I prefer the REST API because it's easier for me to merge objects (without having to resort to LoDash or similar library). In the REST API, you get an array of just one time. In GraphQL, it's buried under data and consolidated, so if you're trying to normalize your tables according to data structure, GraphQL doesn't make it as easy.

I need to share my thoughts on this about the New Quizzes Public API: Rest or GraphQL thread, but I've not taken the time to put my thoughts together completely on it. I'm open to GraphQL, but it's harder to write, the documentation is poor, and filtering (one of the great upsides of it) sucks.

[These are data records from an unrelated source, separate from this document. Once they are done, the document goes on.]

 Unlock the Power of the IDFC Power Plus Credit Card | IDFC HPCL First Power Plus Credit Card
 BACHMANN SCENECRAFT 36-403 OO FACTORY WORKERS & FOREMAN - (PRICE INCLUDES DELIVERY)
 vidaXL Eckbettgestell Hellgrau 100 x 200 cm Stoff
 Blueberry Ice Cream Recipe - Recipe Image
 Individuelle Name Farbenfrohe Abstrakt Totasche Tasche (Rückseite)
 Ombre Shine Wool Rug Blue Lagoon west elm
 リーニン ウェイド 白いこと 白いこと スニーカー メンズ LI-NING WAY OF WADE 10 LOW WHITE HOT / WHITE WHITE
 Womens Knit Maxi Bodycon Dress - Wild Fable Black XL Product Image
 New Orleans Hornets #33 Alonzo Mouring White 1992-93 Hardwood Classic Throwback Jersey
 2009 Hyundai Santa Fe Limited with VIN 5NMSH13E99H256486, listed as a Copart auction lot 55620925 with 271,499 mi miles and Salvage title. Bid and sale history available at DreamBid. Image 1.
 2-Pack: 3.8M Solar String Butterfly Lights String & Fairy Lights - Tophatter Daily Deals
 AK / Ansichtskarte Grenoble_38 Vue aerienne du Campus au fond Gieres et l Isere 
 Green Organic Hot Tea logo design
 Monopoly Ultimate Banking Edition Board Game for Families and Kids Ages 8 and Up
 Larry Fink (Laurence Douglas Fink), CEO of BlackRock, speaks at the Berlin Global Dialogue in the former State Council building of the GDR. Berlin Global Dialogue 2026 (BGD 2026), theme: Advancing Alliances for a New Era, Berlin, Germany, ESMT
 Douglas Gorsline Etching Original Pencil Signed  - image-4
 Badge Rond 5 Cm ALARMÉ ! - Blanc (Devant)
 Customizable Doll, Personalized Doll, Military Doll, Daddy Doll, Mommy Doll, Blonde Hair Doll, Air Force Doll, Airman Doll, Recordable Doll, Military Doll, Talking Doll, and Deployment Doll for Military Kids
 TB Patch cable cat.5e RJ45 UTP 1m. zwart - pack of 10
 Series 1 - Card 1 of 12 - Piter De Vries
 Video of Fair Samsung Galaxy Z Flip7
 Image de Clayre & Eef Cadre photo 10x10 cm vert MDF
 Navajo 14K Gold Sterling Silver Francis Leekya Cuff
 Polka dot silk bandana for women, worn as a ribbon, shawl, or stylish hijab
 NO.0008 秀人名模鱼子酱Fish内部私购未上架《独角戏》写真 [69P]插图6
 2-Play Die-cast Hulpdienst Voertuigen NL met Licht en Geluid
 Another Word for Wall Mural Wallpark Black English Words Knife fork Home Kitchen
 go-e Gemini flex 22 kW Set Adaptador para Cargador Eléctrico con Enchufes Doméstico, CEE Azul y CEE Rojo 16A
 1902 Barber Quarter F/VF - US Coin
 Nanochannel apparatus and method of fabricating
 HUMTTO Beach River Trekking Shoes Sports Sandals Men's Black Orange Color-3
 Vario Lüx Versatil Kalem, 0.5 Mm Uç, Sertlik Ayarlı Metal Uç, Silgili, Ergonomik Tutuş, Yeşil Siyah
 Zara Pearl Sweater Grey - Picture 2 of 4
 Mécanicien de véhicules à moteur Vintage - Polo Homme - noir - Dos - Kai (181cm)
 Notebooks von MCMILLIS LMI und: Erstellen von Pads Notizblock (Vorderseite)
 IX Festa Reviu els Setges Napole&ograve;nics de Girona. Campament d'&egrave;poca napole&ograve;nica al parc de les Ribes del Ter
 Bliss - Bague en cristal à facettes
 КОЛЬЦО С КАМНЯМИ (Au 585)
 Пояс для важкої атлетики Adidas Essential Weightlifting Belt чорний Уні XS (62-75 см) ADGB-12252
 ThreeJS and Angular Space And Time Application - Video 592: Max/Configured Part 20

As for reaching the API limit -- yes, I have reached that. I started using the Bottleneck JS library to keep from doing so. My intragroup peer reviews had that issue, the resetting of missing or late status also hit the threshold. My access report script should probably use it, but I'm not sure if I added it there or not, yet. My script that downloads all of the essentials each night for our early alert system uses it heavily. Because I parallelize all the requests that I can (something that cannot be done as easily with GraphQL), I had to go through and set different timings for different types of requests. The key is the number of concurrent requests and the minimum time between requests. I may allow 30 concurrent requests, but make sure there is 50ms between them so I don't hit the x-rate-limit-remaining threshold. It varies widely depending on the API call (enrollments are really expensive). That initial limit of 700 is even worse on Canvas Studio. Studio starts at 70 and anything above 1 call per second will eventually trigger it. Unfortunately, the Bottleneck library doesn't allow you to dynamically change the timings once the items are in the queue so I cannot react to the remaining amount, only set it before I make the calls.

imerricks
Community Participant

My institution also has a critical need to have "View ungraded as O" selected by default. In our competency-based course, a student must have completed each written assignment to be eligible to take the final assessment. We want to make it as easy as possible for teachers to confirm all assignments have completed, but the default view showing 100% completion for students who have yet to submit assignments is very misleading.

colleen
Community Participant

If you look further up, jerry_nguyen has a solution. If you don't understand it, contact him directly and he usually can help directly. He solved our problem.

ProductPanda
Instructure
Instructure
Status changed to: Archived
Comments from Instructure

As part of the new Ideas & Themes process, all ideas in Idea Conversations were reviewed by the Product Team. Any Idea that was associated with an identified theme was moved to the new Idea & Themes space. Any Idea that was not part of the move is being marked as Archived. This will preserve the history of the conversations while also letting Community members know that Instructure will not explore the request at this time.